Watch buying is a natural outlet. There is ample opportunity to learn about and consider products online. They can be easily mailed and you can enjoy them even when you are working from home. Live-streamed auctions might plausibly serve as an entertaining substitute for live sports (the auction houses are reporting ever-growing numbers of registered online bidders). On Instagram and other platforms, there is even a social dimension to having a new timepiece. These factors are undoubtedly part of the surprising recent success of modern and vintage sales at auction and otherwise.

The ‘flight to liquidity’ factor is absolutely huge

The watch industry has also benefitted from a phenomenon we economists sometimes refer to as a “flight to liquidity”. During a recession or depression, many asset prices decline. In particular, equities (stocks) and real estate tend to lose value or stagnate. In order to counter this risk, individuals typically move their savings into alternative “safe harbours” exhibiting high liquidity. In the midst of the 2013-16 economic period, the median Australian household held $3 in cash for every $1 in stocks. In 2018, during an expansion, the median Australian household did just the opposite, holding almost $2 stock for every $1 in cash.

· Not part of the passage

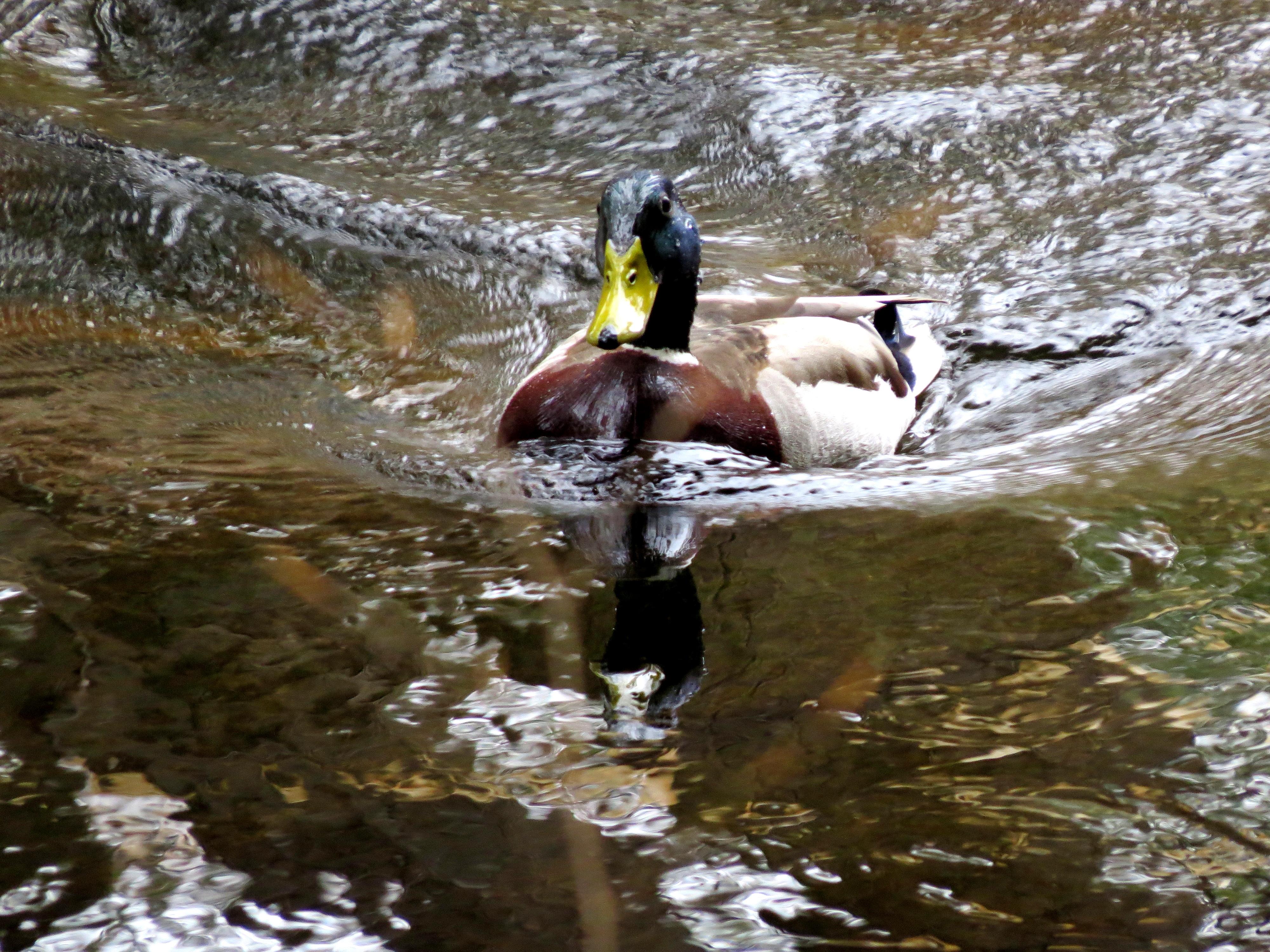 Male mallard duck pushing water ahead of its breast while paddling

We can see the same pattern in Europe and the United States. The first figure below shows, quite starkly, the role reversal of equity and cash amidst the late-aughts financial crisis. Pre-crisis the largest portion of savings was equity, post-crisis it was cash. 

Source: Europa.eu and author’s calculations
Source: US Federal Reserve Board of Governors

The second figure shows a similar pattern more recently in the United States, where “other” assets, such as cash, stood at approximately $US 600 billion at the end of 2019. Post-pandemic that balance more than doubled to $US 1.36 trillion.

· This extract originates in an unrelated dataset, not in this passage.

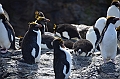 285_Antarctica_South_Georgia_Cooper_Bay_Macaroni_Penguin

What does this flight have to do with the watch industry?

What does this near-universal flight to liquidity have to do with the watch industry? A lot, actually. There is an ongoing debate about whether or not one should view watches as an investment. I prefer not to even enter that debate and simply state a fact: watches are an asset. They hold value over time. That value can increase or decrease depending upon a wide array of considerations. Like any asset, watches carry risk.

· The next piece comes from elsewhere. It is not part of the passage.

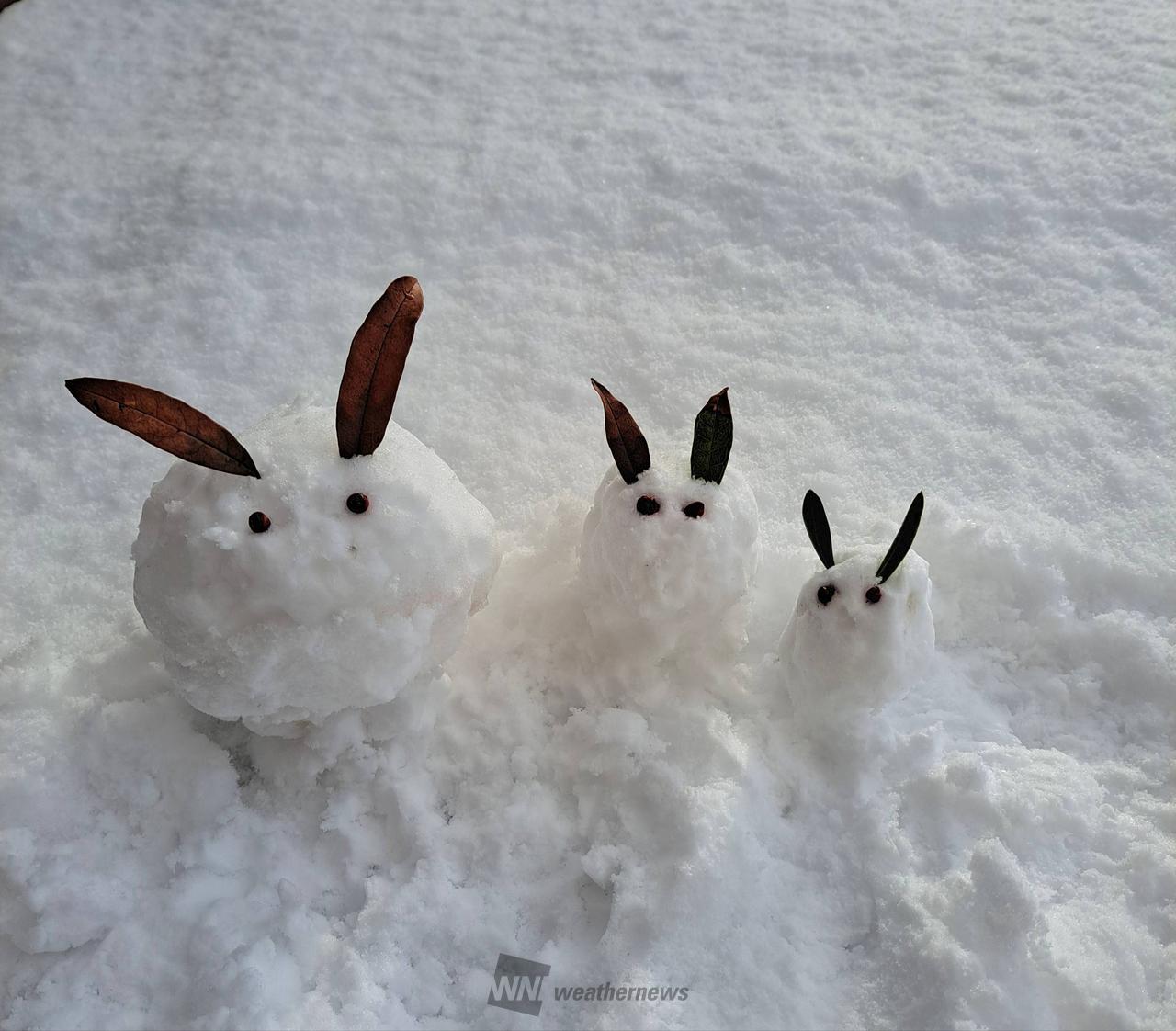 雪だるま作ろ～う☃️ 注目の空の写真 ウェザーニュース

What are the liquidity properties of watches? The truth is that watches are a very, very liquid asset class. You can move them around, physically, very easily. You can use them as collateral for rapid short-term borrowing. Sales of well-established brands with traditional designs can be completed fairly rapidly. Consequently, it is reasonable to postulate that at least part of this year’s robustness in auction outcomes, and watch sales more generally, can be attributed to the overall flight to liquidity taking place during the pandemic.

The good news

The good news for collectors is that, as the world returns to a more normal economic footing, the watch industry may very well continue to thrive. There is nothing better for luxury watch sales than large numbers of potential buyers receiving a healthy bonus at the end of a stellar quarter. Other sources of sales, such as watch purchases during travel, are likely to return to baseline or better. Having admirably weathered the most challenging economic crisis in more than half a century, the watch industry will no doubt celebrate the inevitable return to a more healthy economic environment.